I had 7D and 7D Mk11. I agree that noise was an issue, particularly with the original 7D, in fact I was very reluctant to shoot at higher than ISO800 with either camera. The 7DMkii had good AF in bright light, but had major problems hunting with low contrast subjects in poor light, and it was pretty hopeless at tracking subjects as they moved towards the camera in SERVO mode. When I referred to it being a pro-level camera, I should really have made it clearer that I was referring to build quality, rather than image quality or AF performance.
I found the AI SERVO performance tracking athletes moving directly towards the camera to be excellent with the 7D Mark II.

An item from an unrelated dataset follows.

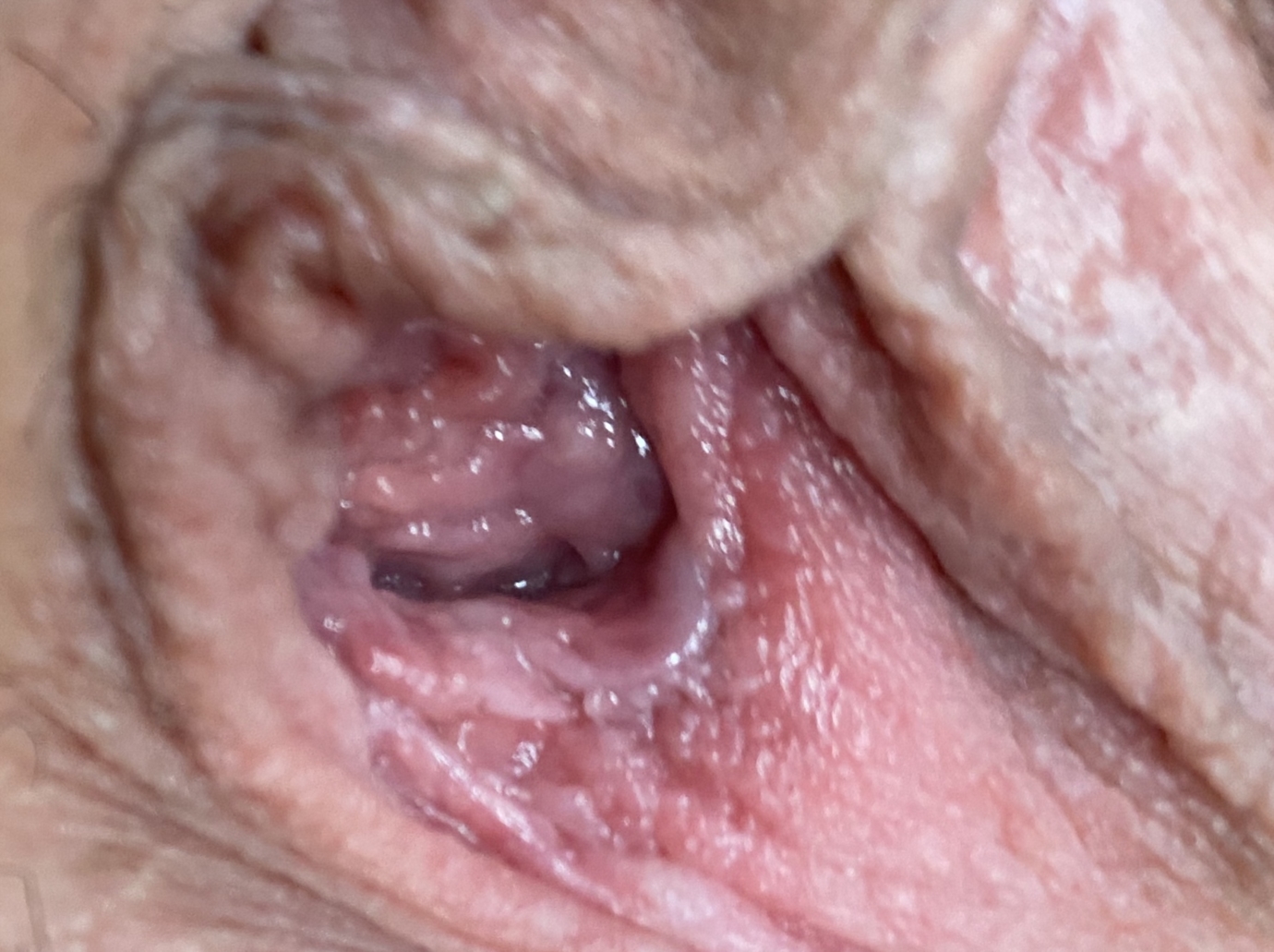Vestibular papillomatosis dangerous. Why is the papillomavirus dangerous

This is an 1877x2816 vertical crop of a 5472x3648 horizontal shot. EOS 7D Mark II + EF 70-200mm f/2.8 L IS II, ISO 3200, f/2.8, 1/800 at 200mm. I've got a six or seven frame burst of this attempted tackle and leap and all of them are as well focused as this one, which was the frame with the peak action. That's not atypical at all for the 7D Mark II. Once you learn how to harness the capabilities of the AF system and customize it to your preferences, it's very reliable and consistent.
The 7D was so bad doing the same thing I had started using my 5D Mark III as my "long body (w/ 70-200mm f/2.8 lens)" for night/gym sports under the lights and using my 5D Mark II with entry level AF for my "wide body (w/ 17-40/4, 24-70/2.8, or 24-105/4)". I did continue to use the 7D with daylight illuminated field sports where the higher pixel density of the 7D vs. the 5D Mark III still allowed more cropping.

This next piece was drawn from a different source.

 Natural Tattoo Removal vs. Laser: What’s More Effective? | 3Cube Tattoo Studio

My experience with the 7D had led me to the decision to never buy another APS-C body. Then I read
Bryan Carnathan's review that showed how well the flicker reduction feature worked and then read what Roger Cicala said about the 7D Mark II's improved AF performance in the opening paragraph of his
blog entry about a 7D Mark II teardown. In June of 2015, looking ahead to football/marching band season beginning in August, I decided to give the 7D Mark II a shot. The decision was made easier by the price having dropped to $1,499 USD during the June promotional rebates. I'm glad I did.
Flicker reduction alone was revolutionary for my major use cases. I lost more shots that would have otherwise been "keepers" (peak action that was in focus) to light flicker issues than to AF issues with all of the cameras I used that did not have it. Frames with one side bright and "blue" and the other side dim and "brown" were a pain when they could even be dealt with at all in post. Every. Single. Frame. had to be custom white-balanced in post, and many still looked too bad to be usable. Flicker reduction not only normalizes the color to near uniformity from shot to shot, allowing batch processing of almost all of the images from a shoot under the same lights, but since it releases the shutter at the peak of the light cycle, it also allows faster Tv or lower ISO for the same shooting environment by as much as 1/2 to 2/3 of a stop in the facilities where I regularly shot.
At the time the 7D Mark II was introduced in late 2014 the only other body to offer flicker reduction was the 1D X, which was out of my realistic price range. The 5D Mark IV, introduced in 2016, was the first 5-series to include it.